Lahore, Karachi among 10 most polluted cities worldwide

Smog is a form of severe air pollution, when air quality changes drastically


Nasir Aslam


WWF-Pakistan held its seventh Annual Green Office Conference in Islamabad. The theme of this year’s conference was air pollution, with particular focus on the growing issue of smog.

The aim of the event was to turn the tide and establish a consensus between relevant public and private sectors on the roles, responsibilities and actions needed to improve air quality.

The one-day event was attended by corporate partners, public sector leaders, academia, and industry practitioners from across Pakistan.

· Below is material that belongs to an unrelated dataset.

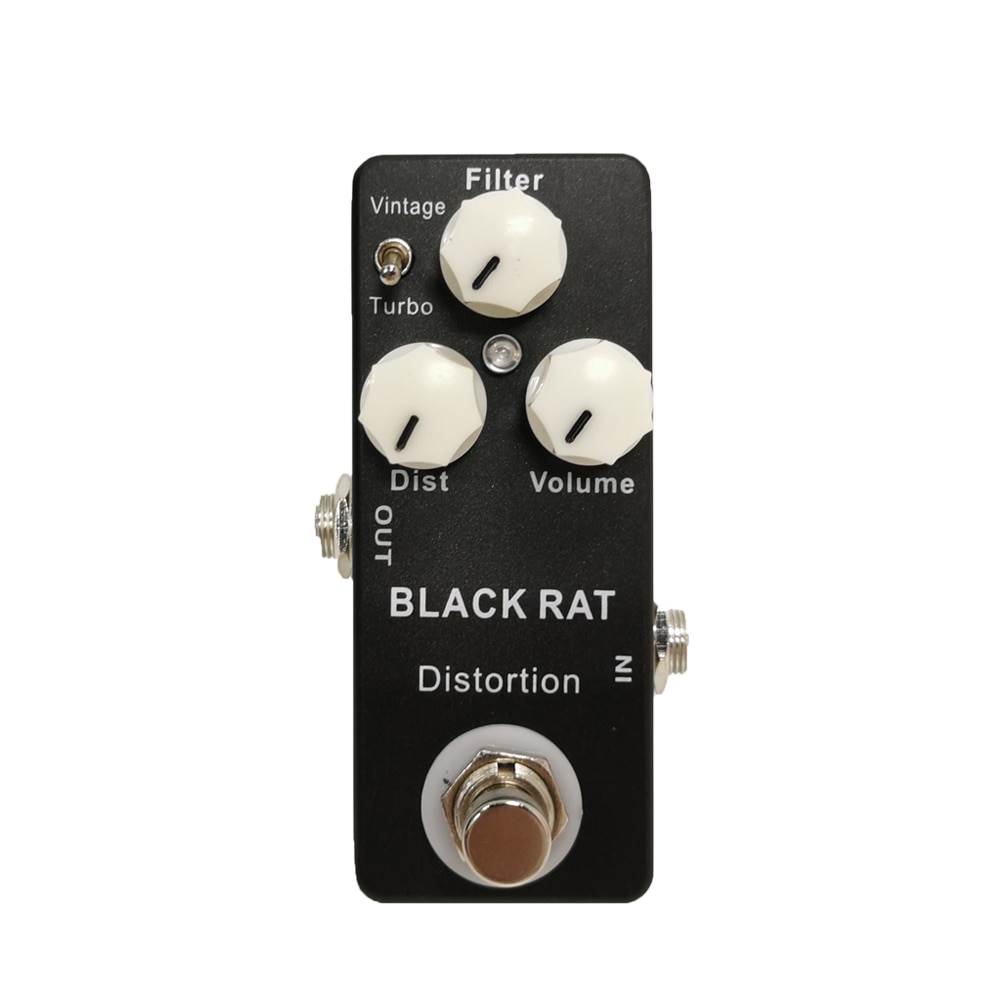 MOSKY Black RAT Distortion Mini Guitar Effect Pedal True Bypass Guitar Parts & Accessories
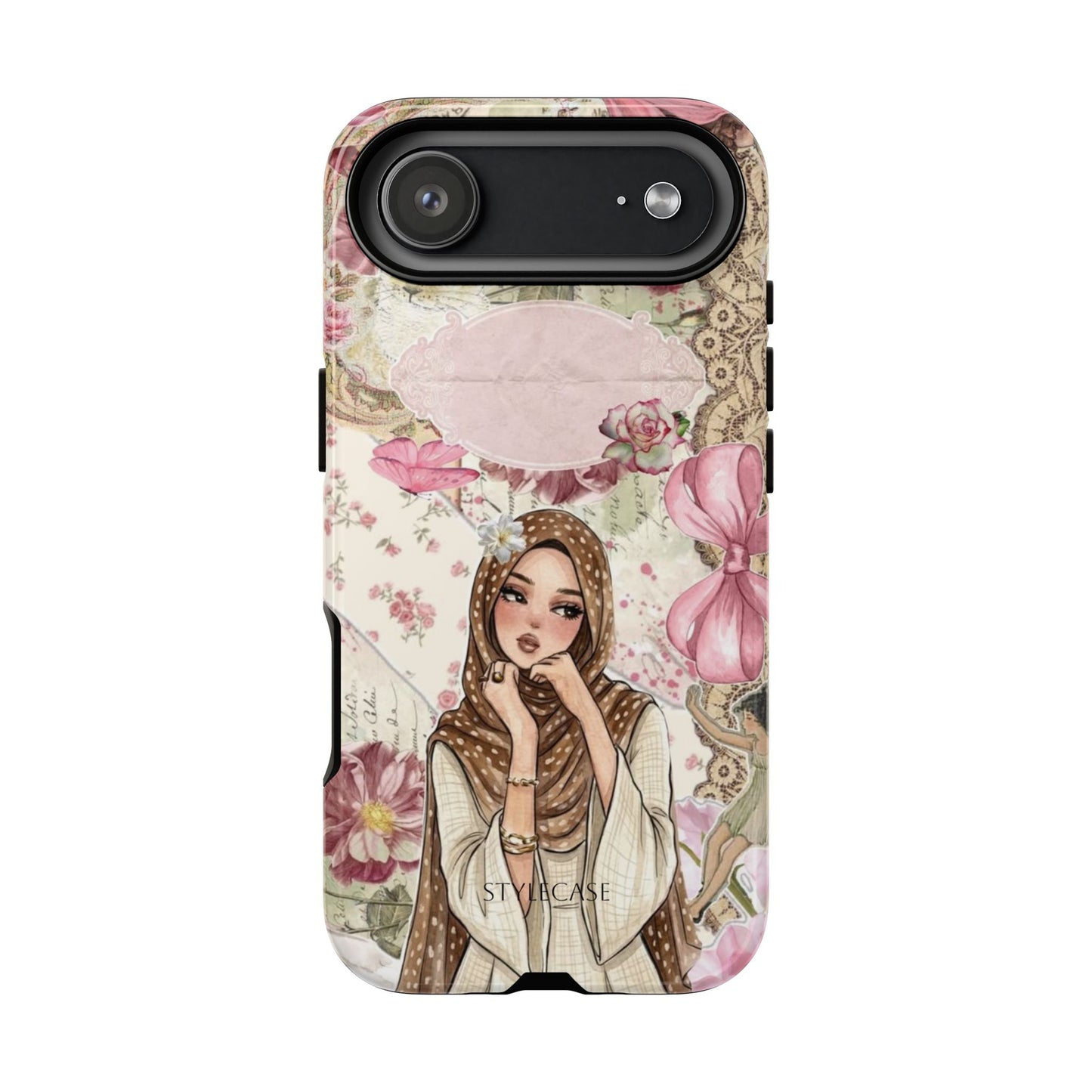 Hijab Girl Phone Case — Pink Vintage Samsung And Iphone Tough Case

Hammad Naqi Khan, Director General, WWF- Pakistan while welcoming the participants said, “Lahore and Karachi are among the 10 most polluted cities in the world in terms of air quality, according to air quality monitor AirVisual.

The ranking today puts Lahore at the top of the list, and urgent action needs to be taken to tackle this issue.

Air pollution caused by traffic, industries, crop burning and burning of solid waste are major contributors of smog and the layer of smog is expected to thicken in the coming days. Urban air pollution in Pakistan is among the world’s most severe, significantly damaging human health, quality of life, economy and the environment.” Following Khan’s address, Lauri Myllyvytra, Energy and Air Pollution Analyst, Green Peace, shared his research on the prevalent air quality of Pakistan’s leading cities.

He also gave an insight to the actions and framework followed by countries such as China, the USA and some countries from the European Union, in tackling the issue of smog. Ms. Syeda Malika, Director-General, Environmental Protection Department (EPD), elaborated on the current smog policy and shared highlights from the Punjab Clean Air Action Plan. While presenting Malika said, “Smog is a form of severe air pollution, when air quality changes drastically.

The EPD records the Air Quality Index every day and takes stern actions against violators. Industrial units, brick kilns or any unit found polluting the air is sealed unless it has air pollution control systems installed. Solid waste and crop stubble burning is banned and FIRs are registered against the violators. So far, the EPD has installed air quality monitors in Multan, Gujranwala, Faisalabad, and Lahore.

As brick kilns are a big contributor to air pollution, the working dynamics and benefits of zig-zag technology which aims to decrease pollution were presented by Dr Faiza Sharif, Associate Professor, and Government College University.  Abid Omar, Founder, Pakistan Air Quality Initiative, briefed participants about quantitative analysis of emissions and the negative impacts smog has on human health.